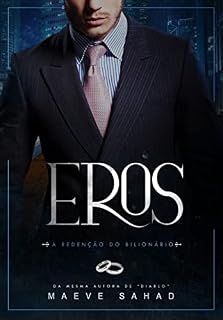 Livro EROS - A REDENÇÃO DO BILIONÁRIO (LIVRO ÚNICO)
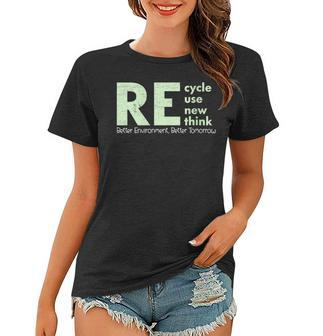 Womens Recycle Reuse Renew Rethink Earth Day Environmental Activism Women T-shirt | Mazezy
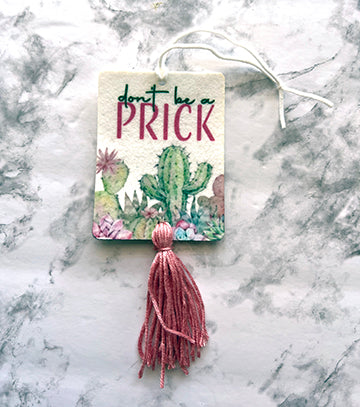 Don't be a Prick Light Pink Freshie Reusable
----
Activity: Print the material above exactly as it appears, but not its pictures.

Reply:
 Livro EROS - A REDENÇÃO DO BILIONÁRIO (LIVRO ÚNICO)
 Womens Recycle Reuse Renew Rethink Earth Day Environmental Activism Women T-shirt | Mazezy
 Don't be a Prick Light Pink Freshie Reusable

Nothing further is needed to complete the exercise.